Segment Start: THE DATA

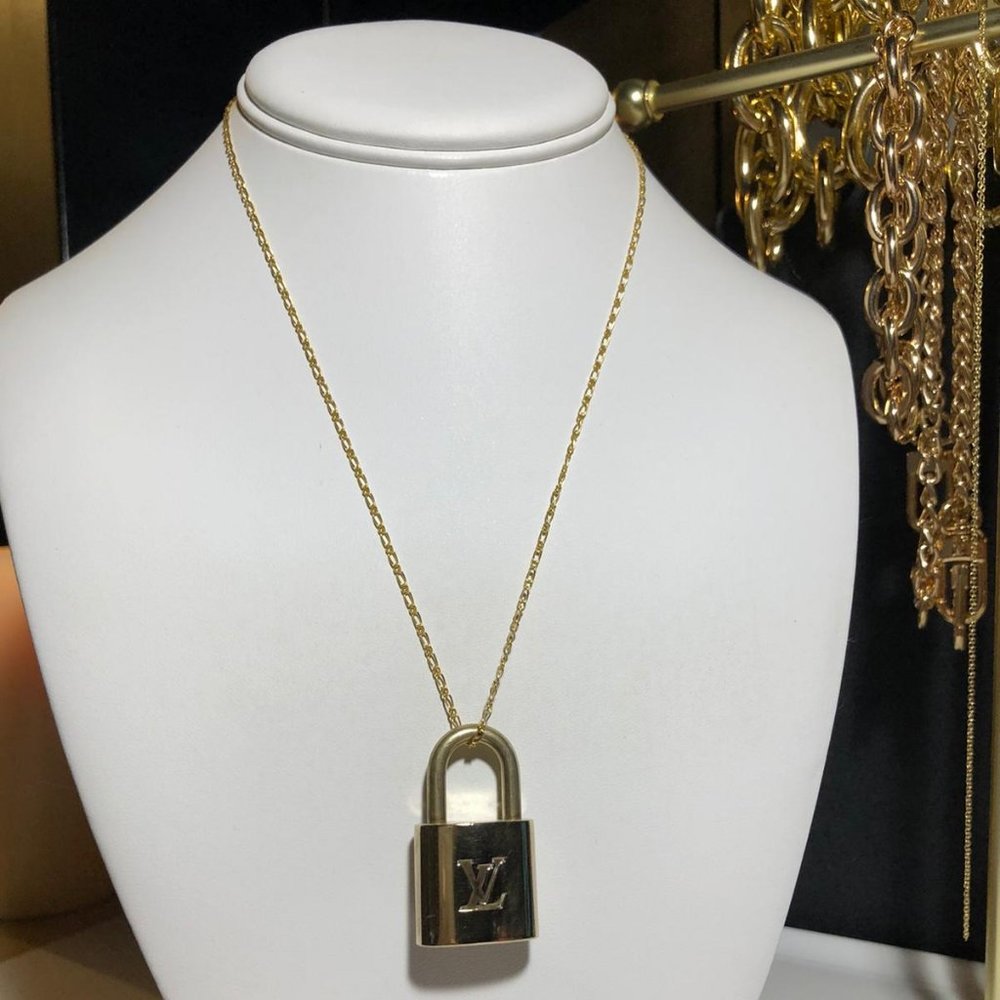 Louis Vuitton Necklace Oval Chain SOLD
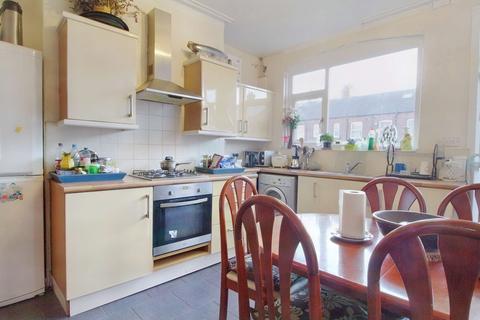 74 Cross Flatts Grove, Beeston, Leeds, LS11 7JA
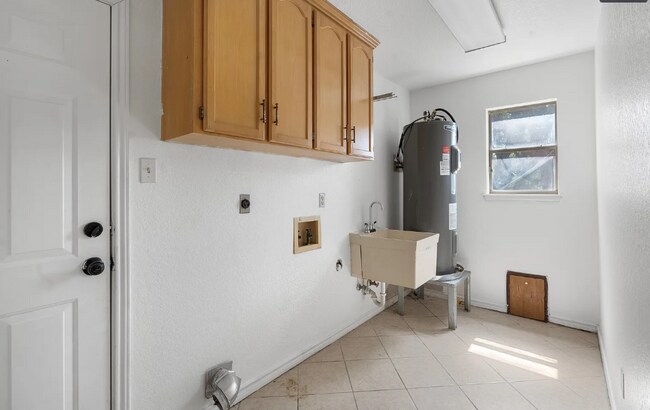 Photo - 1800 Mountain View Ct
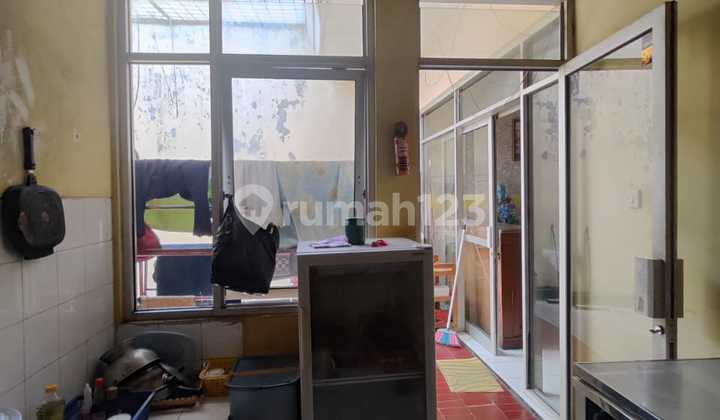 Good Commercial House for Sale, 310 m2 in Taman Mutiara, Central Cimahi, with Freehold Title 2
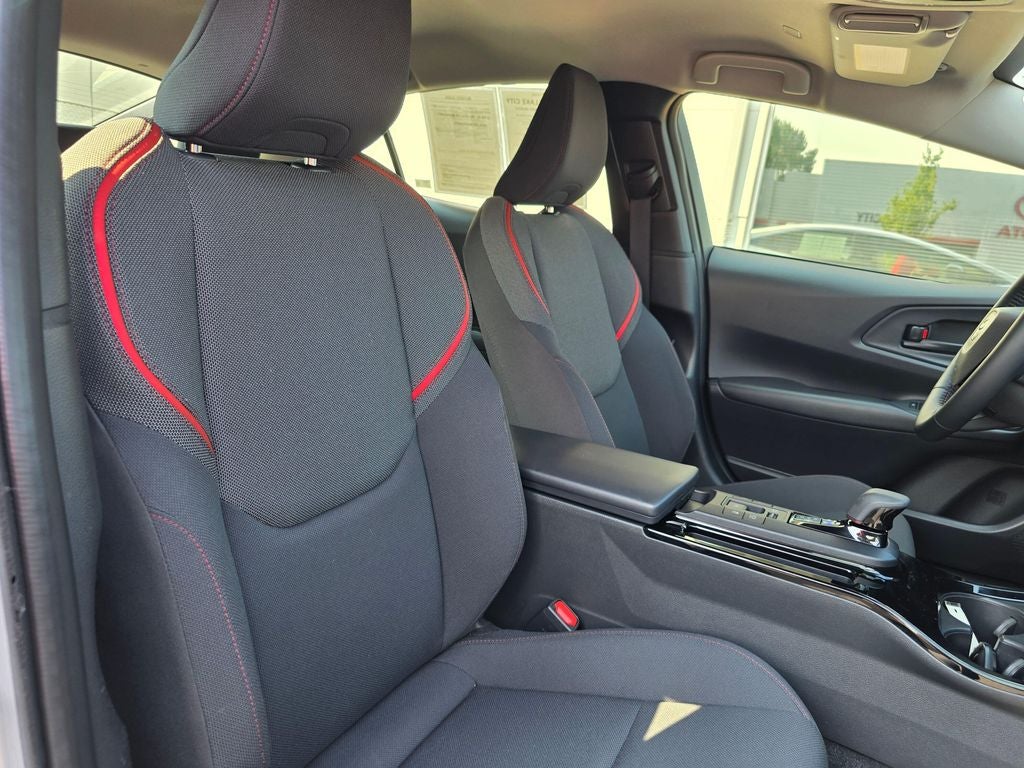 2024 Toyota Prius Prime SE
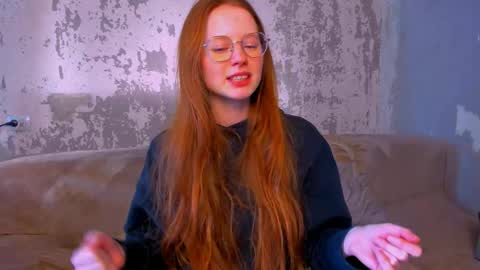 Snapshot of fire_luna chatting on 01-16-26, 05:00 fire_luna online show from 01-16-26, 05:00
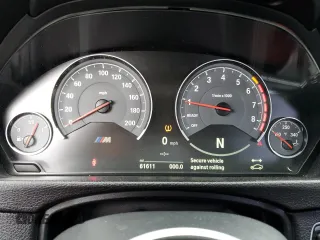 2018 BMW M3 z VIN WBS8M9C58J5J79386, wystawiony jako Copart lot #53724845 z przebiegiem 61 611 mil mil oraz Szkoda całkowita • Salvage title. Historia ofert i sprzedaży dostępna na DreamBid. Obrazek 9.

Segment End: THE DATA

[EXERCISE DESCRIPTION] Please copy the data above character for character, skipping any pictures.

[OUTPUT OF THE TASK]
 Louis Vuitton Necklace Oval Chain SOLD
 74 Cross Flatts Grove, Beeston, Leeds, LS11 7JA
 Photo - 1800 Mountain View Ct
 Good Commercial House for Sale, 310 m2 in Taman Mutiara, Central Cimahi, with Freehold Title 2
 2024 Toyota Prius Prime SE
 Snapshot of fire_luna chatting on 01-16-26, 05:00 fire_luna online show from 01-16-26, 05:00
 2018 BMW M3 z VIN WBS8M9C58J5J79386, wystawiony jako Copart lot #53724845 z przebiegiem 61 611 mil mil oraz Szkoda całkowita • Salvage title. Historia ofert i sprzedaży dostępna na DreamBid. Obrazek 9.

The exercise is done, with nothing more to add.